This week’s blog post comes from a guest author, the production manager for a roofing company in Colorado. Since most of the country is experiencing snowfall and freezing temperatures, it is crucial to know about the many reasons a tile roof can experience leaks during the winter.
In March 23rd, 2016 the Denver metro area experienced a blizzard that dropped up to 27 inches of snow in some areas and shut down the city for two days. This storm produced sustained wind speeds of 30-45MPH and two inches of water for every six inches of snow. It was wet and heavy and most Coloradan’s stayed safely tucked in their homes. Those who didn’t found themselves stuck in traffic for 4-6 hours.
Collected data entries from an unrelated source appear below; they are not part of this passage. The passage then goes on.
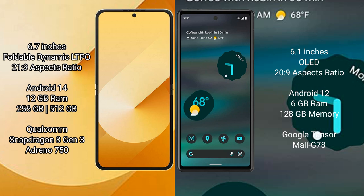Samsung Galaxy Z Flip 6 comes with a 6.7-inch foldable dynamic LTPO AMOLED display with an aspect ratio of 21.9. Google Pixel 6a comes with a 6.1-inch OLED display with an aspect ratio of 20.9.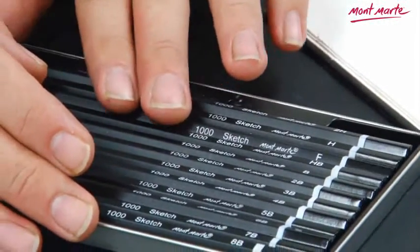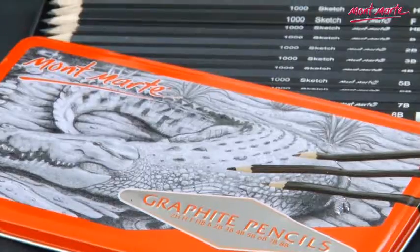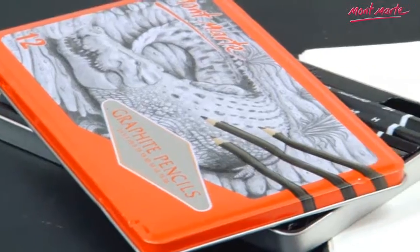The 8B is the softest and is great for sketching and live drawing, right down to the 2H which is great for drafting, construction lines, and preliminary drawings. They are all contained in this neat, robust, lovely embossed tin case, so you'll always know where to find that specific pencil.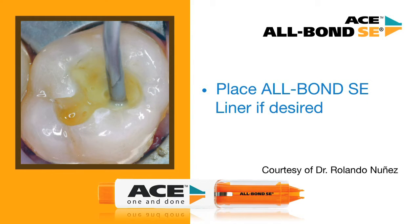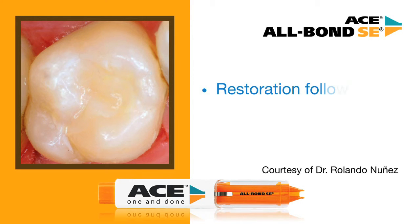It is optional to use Allbond SE liner for the added benefits of radiopacity and long-term stability of the bond. If continuing with placement of the liner, apply a very thin layer and light cure for 10 seconds. Then place composite and finish the restoration.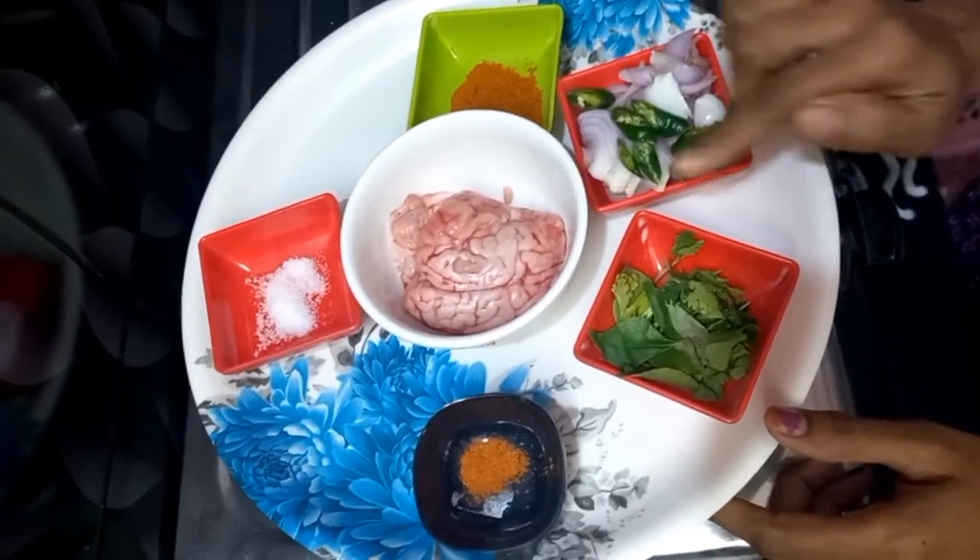This is a simple taste. I am going to make the delivery of the food. I am going to make the ingredients of the food. I am going to make the brain taste.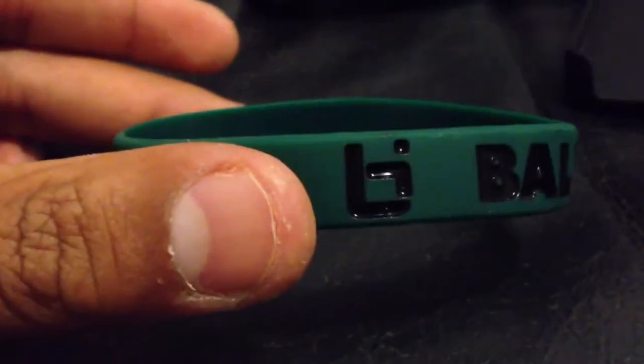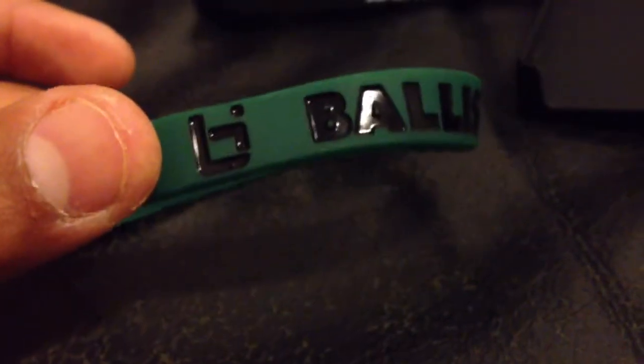And last but not least, I got a Boss Life wrist band — black and green, or green and black, I mean.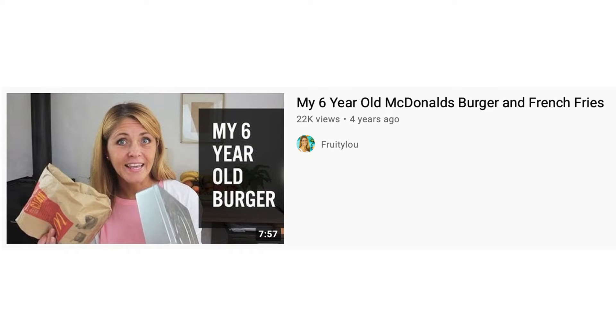A couple of years ago a friend of mine from Denmark, who also has a YouTube channel on raw vegan diet and health, told me a story about a test she did. She bought a burger and fries at McDonald's to see what their shelf life was, put them in a box in her garage, and completely forgot about it. After six years she found the box.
Upon returning to work the calls began flooding in with reports of roof leaks. We scheduled our top repair technician to the issues and discovered the roofing systems were not failing at all. There were no leaks from ice-dammed valleys or water flooded penetrations as we would have expected with this heavy snow. Instead, we were just seeing piles of snow that had accumulated in the attics through the static vents (turtle and slantback).
A few of the attics vents were installed improperly, causing some of the exhaust to act as intake, sucking in the snow. The snow then melted from the heat of the home, soaked through the insulation and then into the ceiling/drywall. Other homes had proper ventilation but, due to the severity of the blizzard, snow in large amounts was also being driven into the attics via the static vents.
In cases where the ventilation was improperly installed we recommended repairs to properly ventilate the attics, but in the other cases there was nothing we could do. Most home owners called their insurance companies to make a claim and mitigation companies to handle the water damage, which in some cases was significant.
The entire experience made for an interesting and stressful week but, more importantly, taught us so much about the importance of properly installing ventilation systems in a home.